For fun I was reading some notes on Operating Characteristics and it said (paraphrased with notation definition):
As Fig. 1 suggests (omitted from question), good detection probability $P_D = P(\hat{H}(y) = H_1 \mid H = H_1)$ is generally obtained at the expense of high false alarm probability $P_F = P(\hat{H}(y) = H_1 \mid H = H_0)$ and so choosing a (Likely Ratio Test LRT) threshold $\eta$ for a particular problem involves making an acceptable tradeoff... From this perspective, the Bayesian Hypothesis test (i.e. choosing a decision rule that minimizing Bayes risk $\varphi(f) = \mathbb{E}_{H,y}[C(f(y), H)] $) represents a particular tradeoff, and corresponds to a single point on this curve. To obtain this tradeoff, we effectively selected as our objective function a linear combination of $P_D$ and $P_F$. More specifically, we minimize: $$ \varphi(f) = \alpha P_F - \beta P_D + \gamma$$ over all possible decision rules, where the choice of $\alpha$ and $\beta$ is in turn, determined by the cost assignment $C_{ij}$'s (where i corresponds to the chosen hypothesis by the decision rule and j corresponds to the correct hypothesis) and the a priori probabilities $P_m$'s.

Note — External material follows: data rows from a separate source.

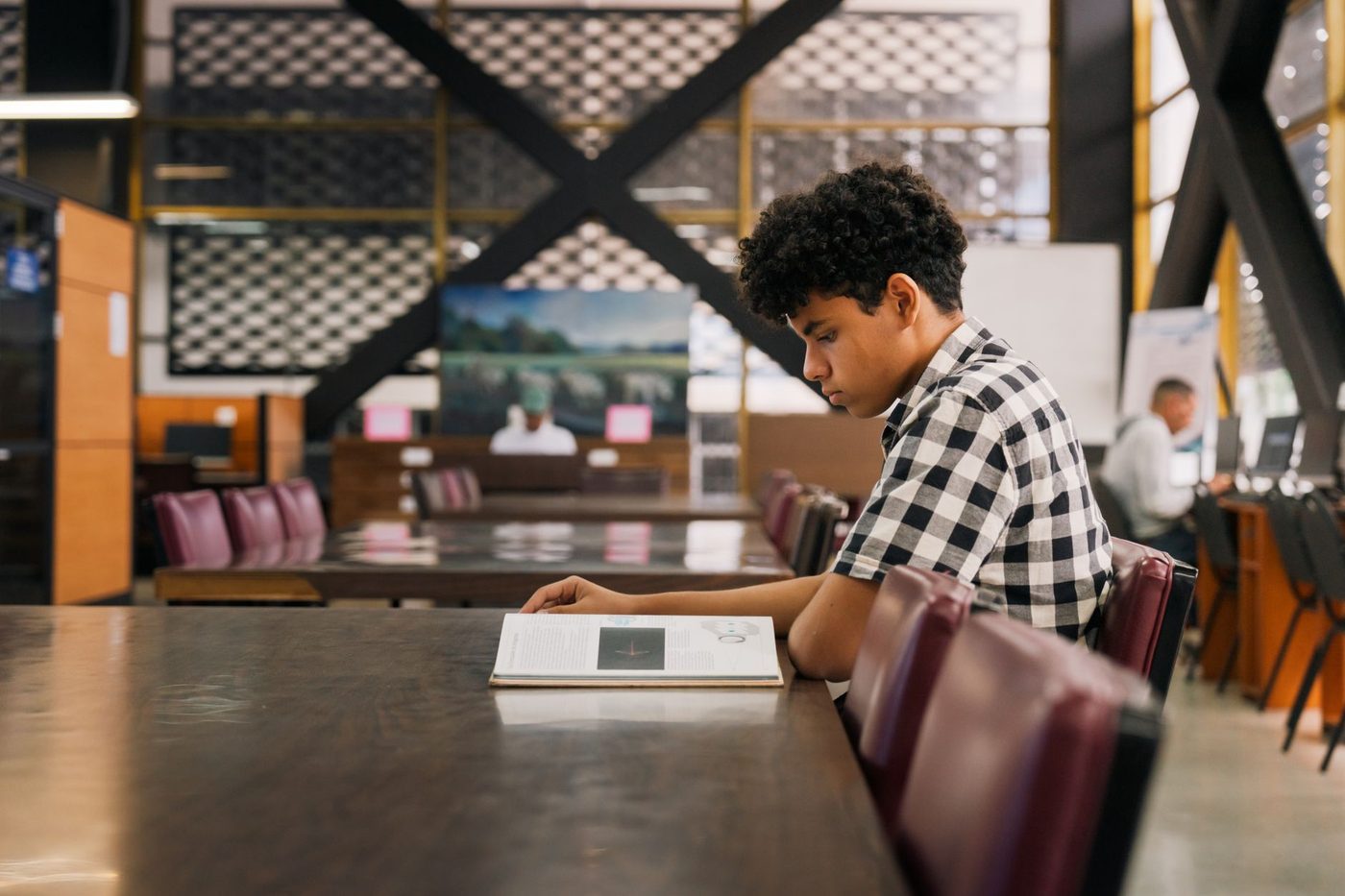 Actiris stelt tijdelijke studieruimte beschikbaar in Astrotoren voor Brusselse studenten
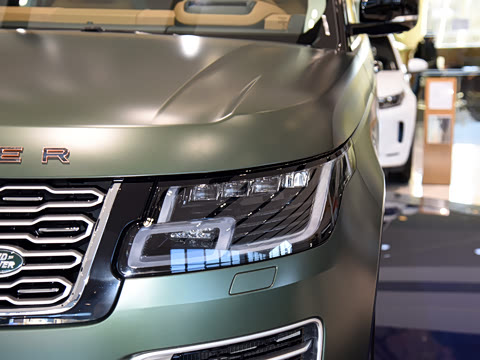 2022�� 5.0 SC V8 565PS SVA�۷��ذ�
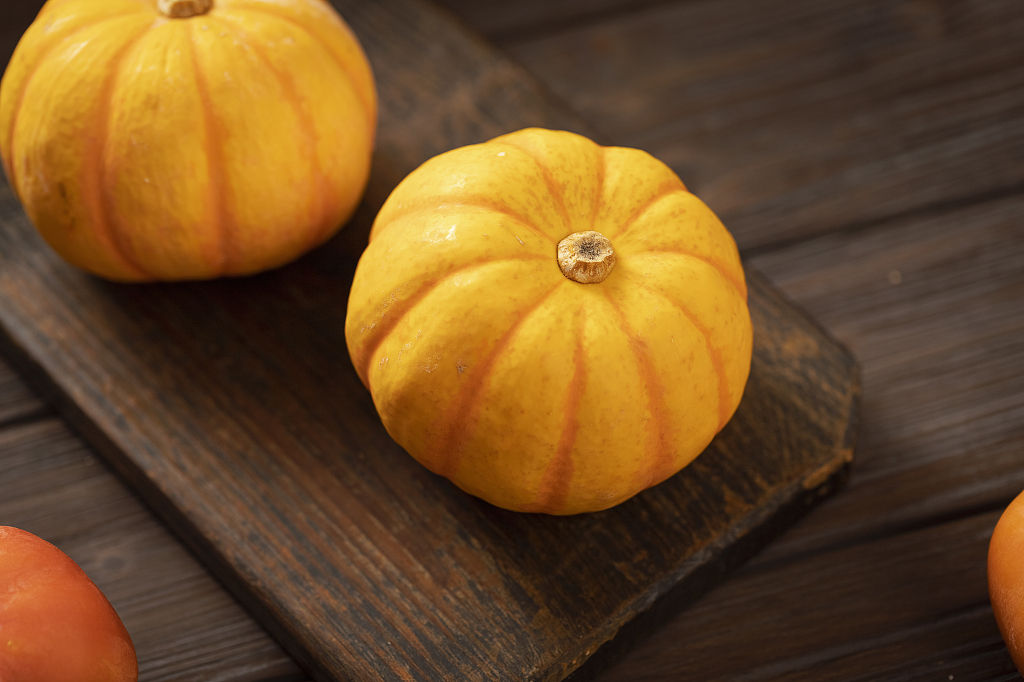 秋季蔬菜食材南瓜暗调图片南瓜图片感恩节图片秋天创意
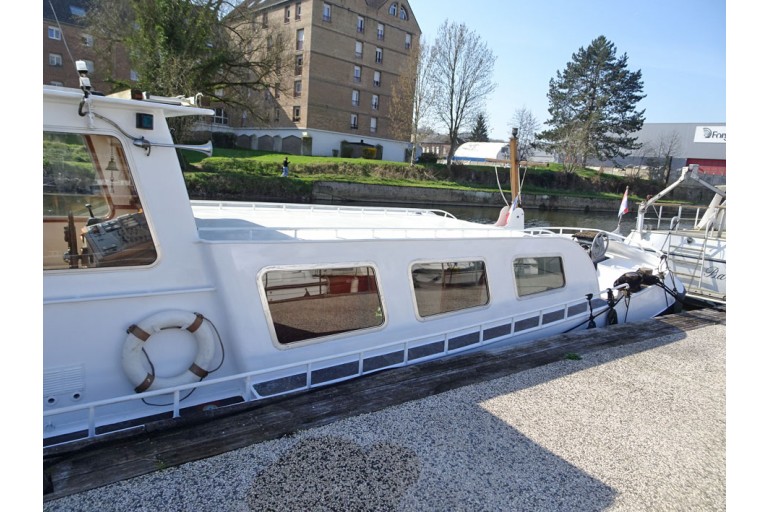 Motortjalk Dutch Barge 18.60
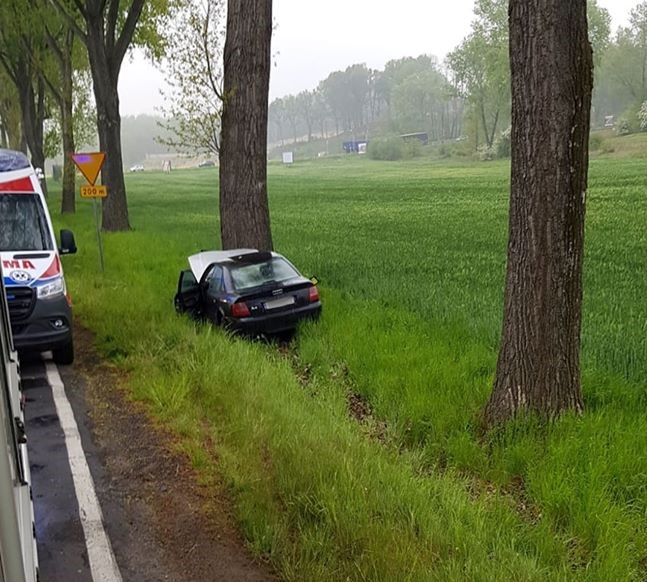 Wpadł w poślizg i uderzył w drzewo. Jedna osoba w szpitalu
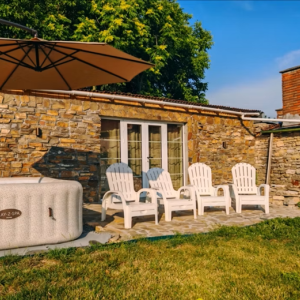 Тайно пътуване сред лавандули и вино за двама - 2 нощувки със закуски и вечери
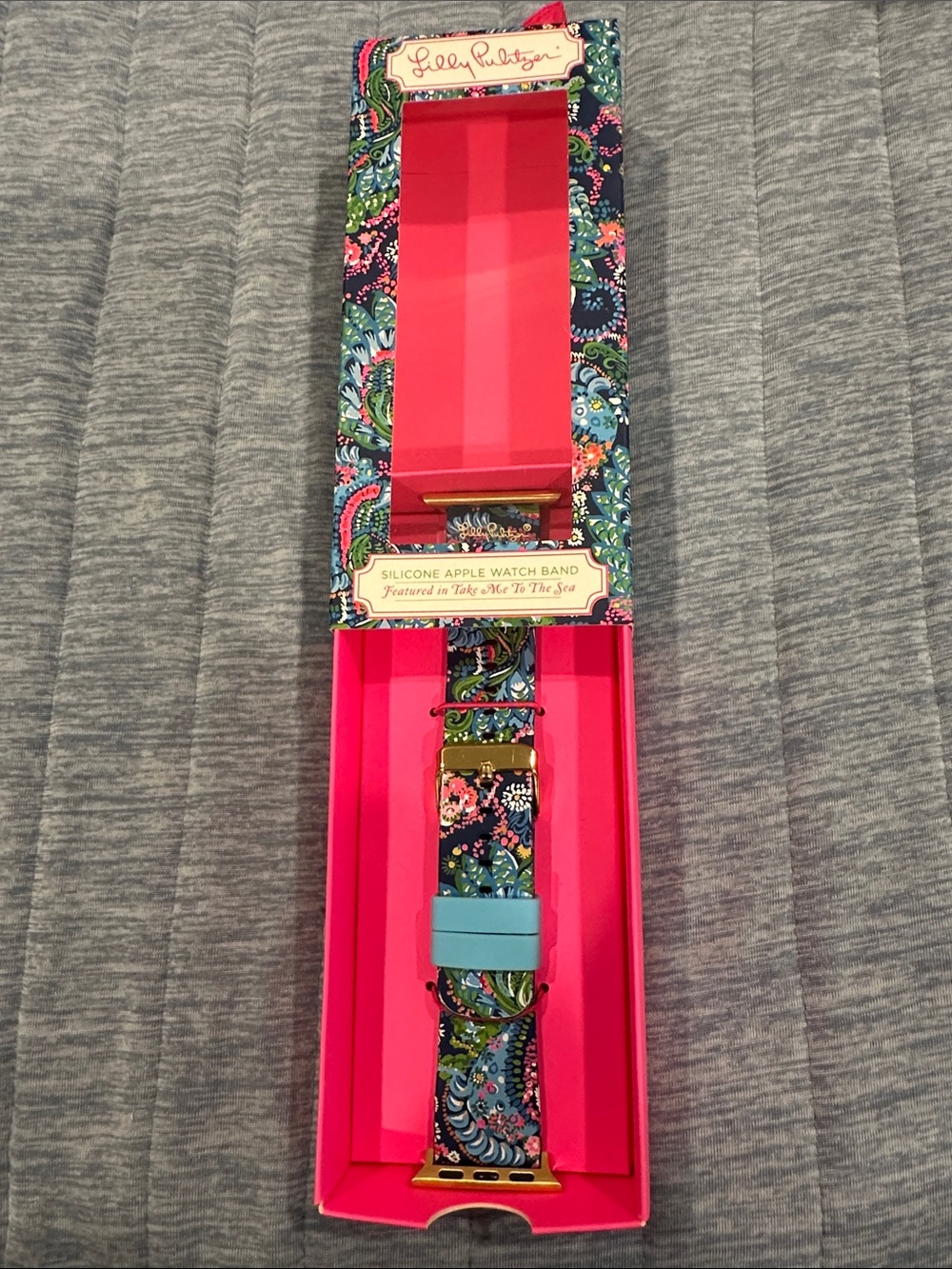 Lilly Pulitzer Take Me To The Sea 38, 40mm Silicone Apple Watch Band - Picture 3 of 5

and claims for the Binary case that the following is true:
$$\alpha = (C_{10} - C_{00})P_0,$$ $$\beta=(C_{01} - C_{11})P_1,$$ $$ \gamma = (C_{00} + C_{01})P_1$$
My first question is, why do we minimize:
$$ \varphi(f) = \alpha P_F - \beta P_D + \gamma$$
that doesn't quite makes sense to me. Why do we want to minimize that? Is it because we just want to minimize the expected risk? (Also, why does that equation express the intrinsic trade off between $P_D$ and $P_F$?)From the notation, I infer that one can re-write Bayes Risk and write it in that form, however, I've been unable to do that. Here is what I have tried:
$$ \varphi(f) = \mathbb{E}_{H,y}[C(f(y), H)] = \sum_{H_j,y} C(f(y), H_j) P(y,H_j)$$
$$ \varphi(f) = \sum_{H_j} \sum_{H_i} \sum_{y : f(y) = H_i} C(f(y) = H_i, H_j) P(y \mid H_j) P(H_j)$$ $$ =\sum_{H_j,H_i} C(H_i, H_j) P(f(y) = H_i \mid H_j) P(H_j)$$ for the binary case we have (were $P_i = P(H_i)$, $C_{ij} = C(f(y) = H_i, H_j)$, $P(H_i \mid H_j) = P(f(y) = H_i \mid H = H_j)$):
$$ \varphi(f) = C_{00} P(H_0 \mid H_0)P_0 + C_{11} P(H_1 \mid H_1)P_1 + C_{10} P(H_1 \mid H_0)P_0 + C_{01} P(H_0 \mid H_1)P_1$$
$$ \varphi(f) = C_{00} P(H_0 \mid H_0)P_0 + C_{11} P_DP_1 + C_{10} P_F P_0 + C_{01} P(H_0 \mid H_1)P_1$$
and after this step, is where I get stuck. The reason I am having trouble advance is because, the form the text suggests as an answer does not even have the terms $P(f(y) = H_0 \mid H = H_0) = P(H_0 \mid H_0)$ and $ P(f(y) = H_0 \mid H = H_1) = P(H_0 \mid H_1)$ anywhere. Which makes me suspect that there might be a typo on the text and $\gamma$ should actually be something else involving $P(H_0 \mid H_1)$ or $P(f(y) = H_0 \mid H = H_0)$. Even if that were true, I can't explain myself how Bayes Risk has a minus sign (as in $\alpha P_F - \beta P_D + \gamma$) even if there were true, unless it was cancelled out somewhere again in the $\gamma$ by some hidden terms. Someone know where the typo is or if there is a way of proceeding from the location I got stuck?